- Exercise aim
Both the line below containing "- staff notation" and the line containing "Jean push up", along with every line between them, should be repeated exactly; no other line belongs in the answer.

- Information supplied

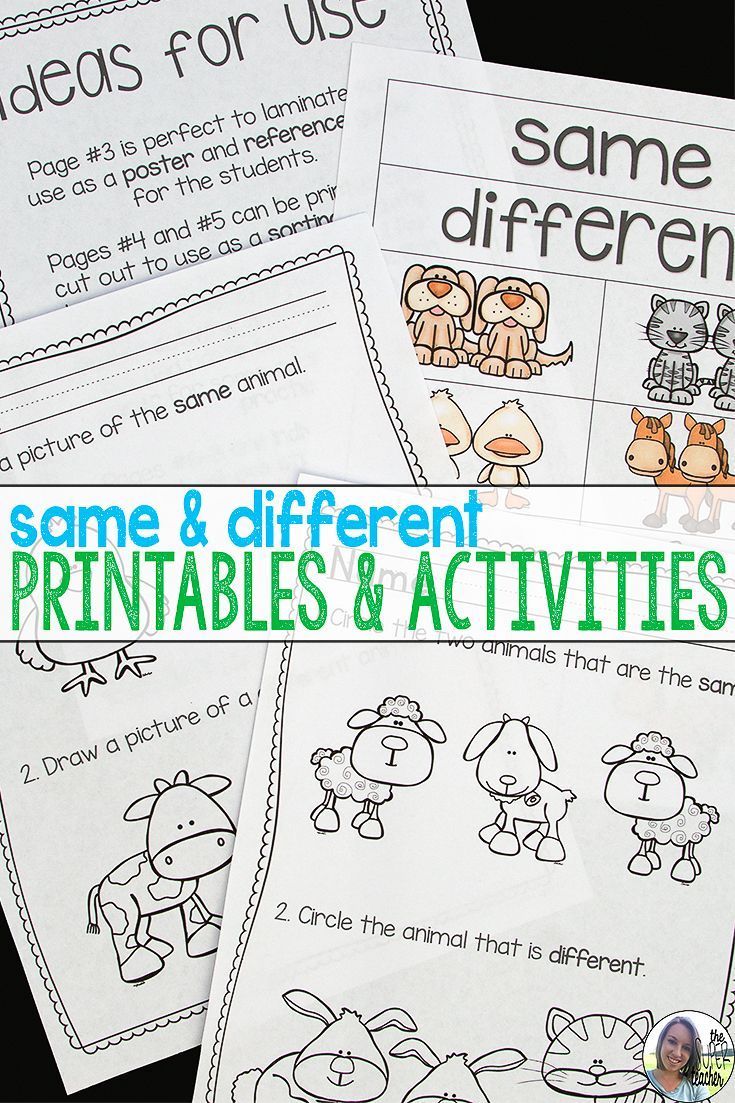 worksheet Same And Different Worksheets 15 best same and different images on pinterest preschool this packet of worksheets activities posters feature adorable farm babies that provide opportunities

==

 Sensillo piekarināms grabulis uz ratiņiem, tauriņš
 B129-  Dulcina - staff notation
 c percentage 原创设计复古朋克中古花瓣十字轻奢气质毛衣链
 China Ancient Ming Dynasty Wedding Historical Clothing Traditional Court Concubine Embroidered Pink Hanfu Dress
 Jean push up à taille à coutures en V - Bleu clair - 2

- Answer for the task
 B129-  Dulcina - staff notation
 c percentage 原创设计复古朋克中古花瓣十字轻奢气质毛衣链
 China Ancient Ming Dynasty Wedding Historical Clothing Traditional Court Concubine Embroidered Pink Hanfu Dress
 Jean push up à taille à coutures en V - Bleu clair - 2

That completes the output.